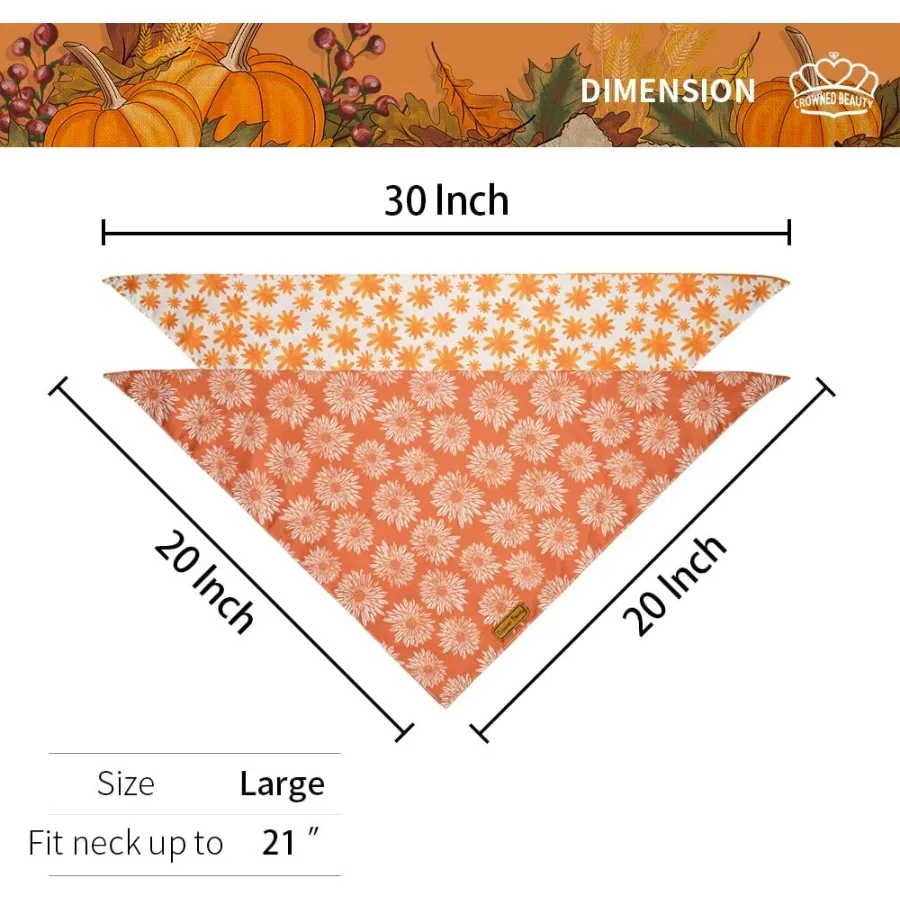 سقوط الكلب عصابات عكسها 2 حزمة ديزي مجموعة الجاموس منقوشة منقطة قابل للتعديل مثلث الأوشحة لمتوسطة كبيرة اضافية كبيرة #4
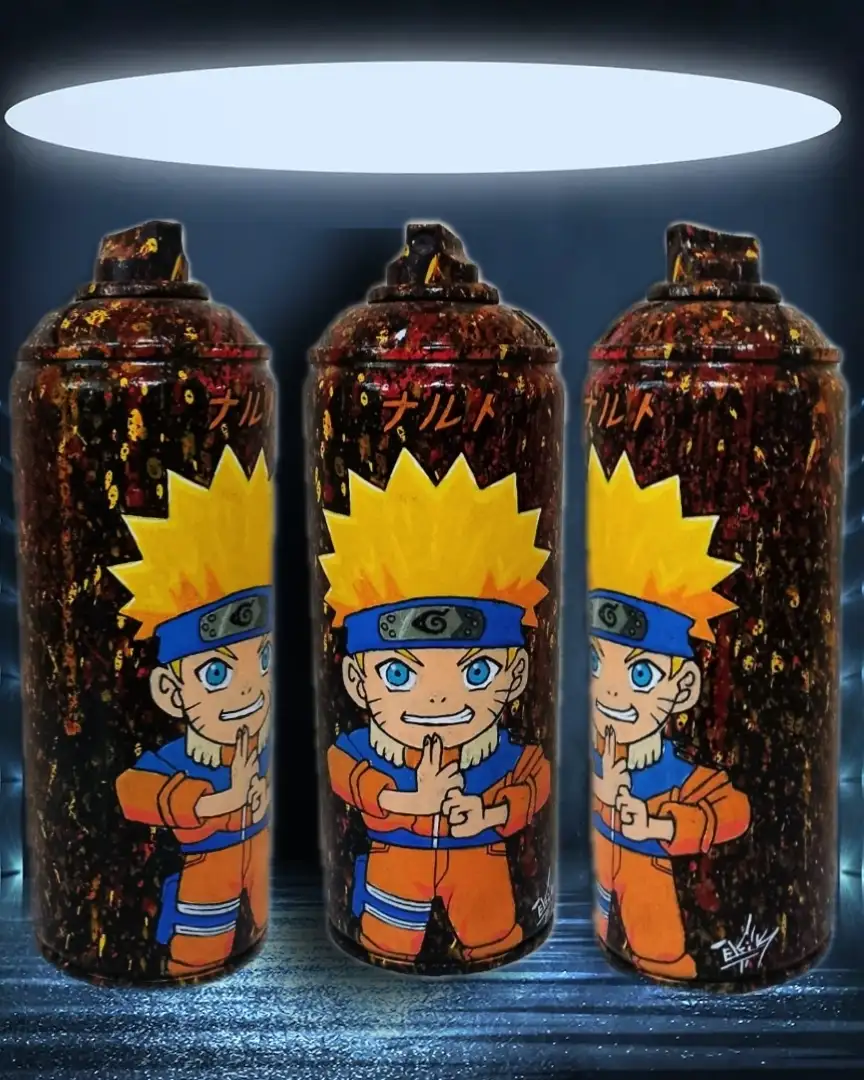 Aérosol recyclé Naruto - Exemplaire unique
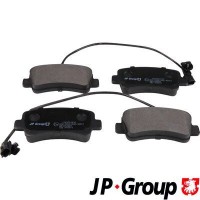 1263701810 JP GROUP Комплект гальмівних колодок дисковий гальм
...
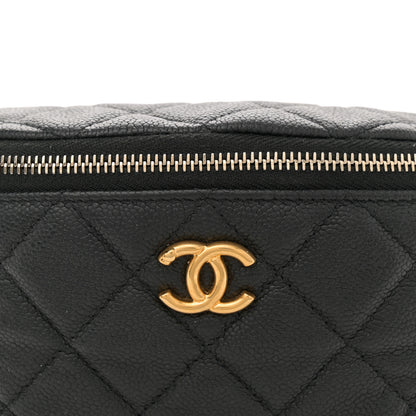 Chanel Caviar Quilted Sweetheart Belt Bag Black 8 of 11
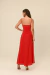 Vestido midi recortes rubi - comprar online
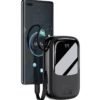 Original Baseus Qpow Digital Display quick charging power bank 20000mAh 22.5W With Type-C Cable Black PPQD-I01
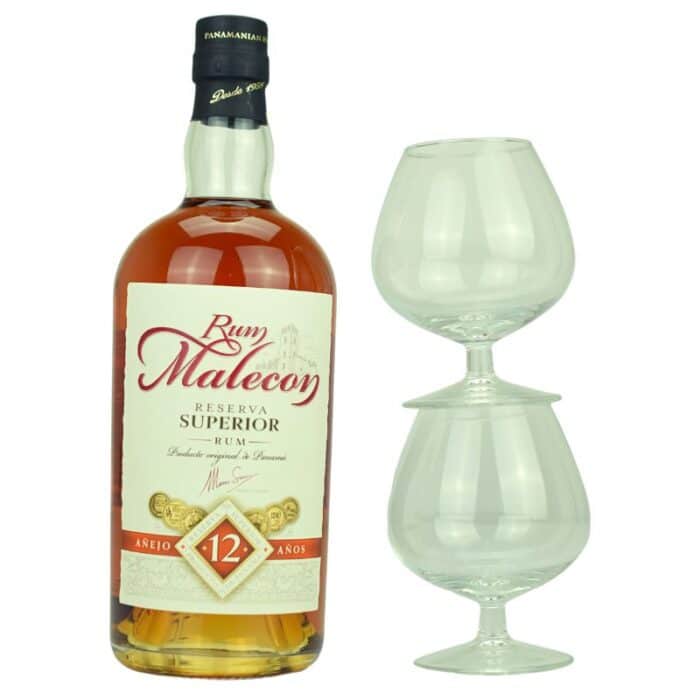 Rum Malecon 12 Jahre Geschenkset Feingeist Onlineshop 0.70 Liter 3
--
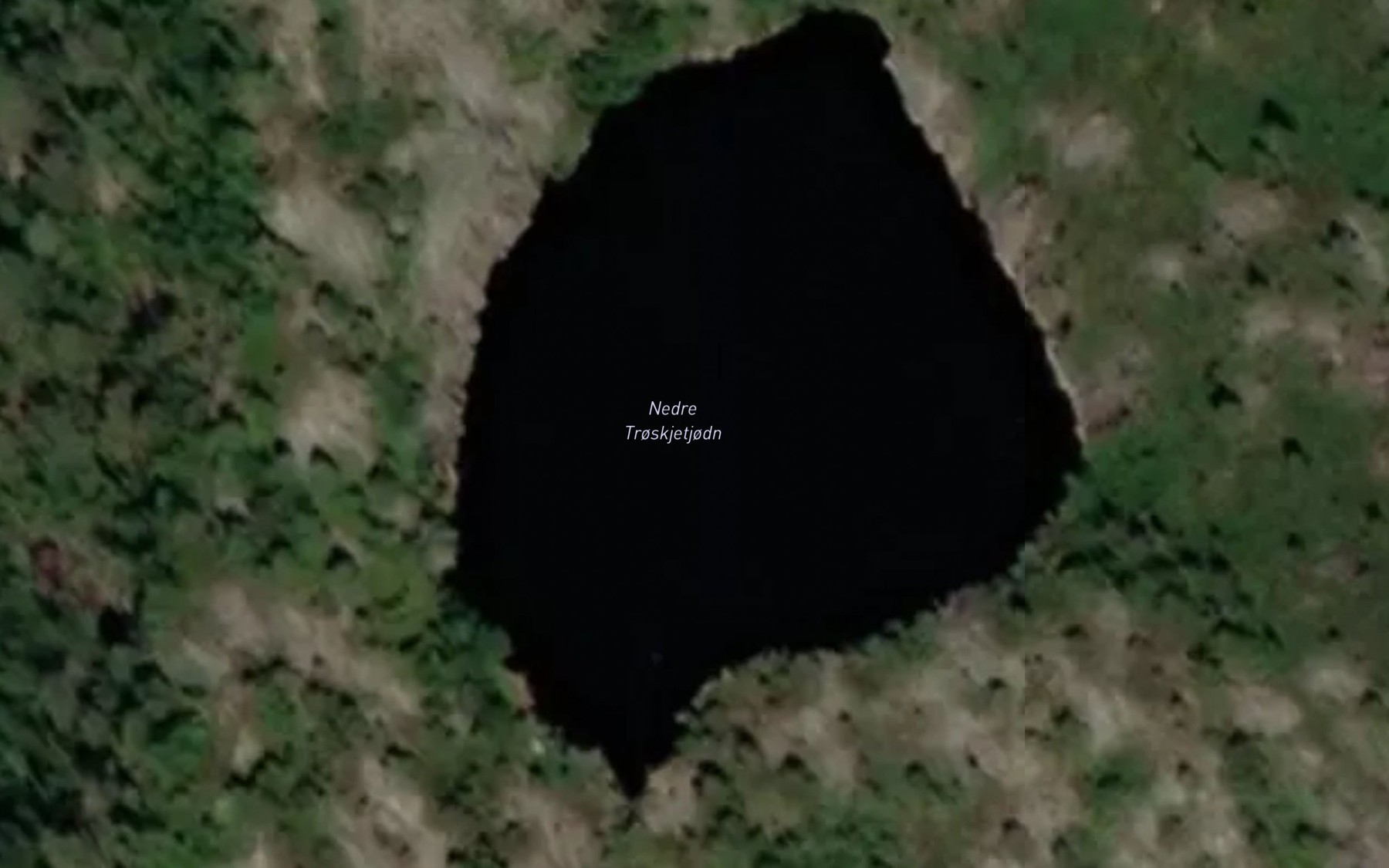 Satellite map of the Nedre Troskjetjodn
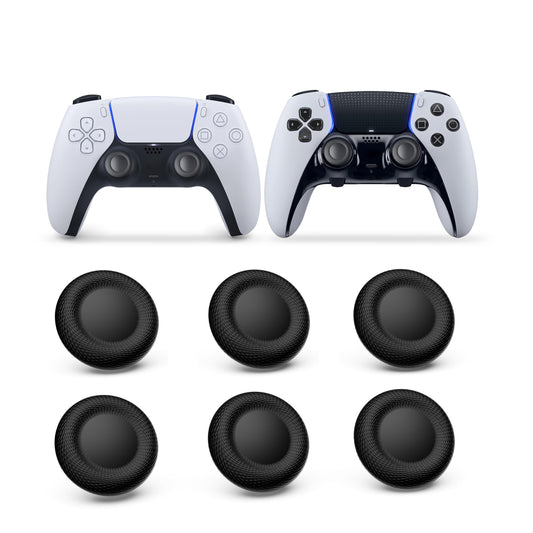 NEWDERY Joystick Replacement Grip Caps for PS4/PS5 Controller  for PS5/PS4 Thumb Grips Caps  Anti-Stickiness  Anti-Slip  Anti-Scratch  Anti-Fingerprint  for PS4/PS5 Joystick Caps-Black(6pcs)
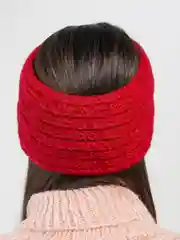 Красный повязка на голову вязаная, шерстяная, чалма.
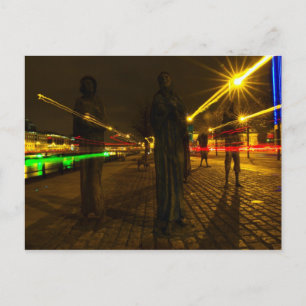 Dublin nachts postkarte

- **ABOUT THIS EXERCISE**: Your reply should consist solely of the lines above from the line containing "سقوط الكلب عصابات" up to and including the line containing "1263701810 JP GROUP", reproduced exactly, minus the pictures.

- **EXERCISE RESULT**:
 سقوط الكلب عصابات عكسها 2 حزمة ديزي مجموعة الجاموس منقوشة منقطة قابل للتعديل مثلث الأوشحة لمتوسطة كبيرة اضافية كبيرة #4
 Aérosol recyclé Naruto - Exemplaire unique
 1263701810 JP GROUP Комплект гальмівних колодок дисковий гальм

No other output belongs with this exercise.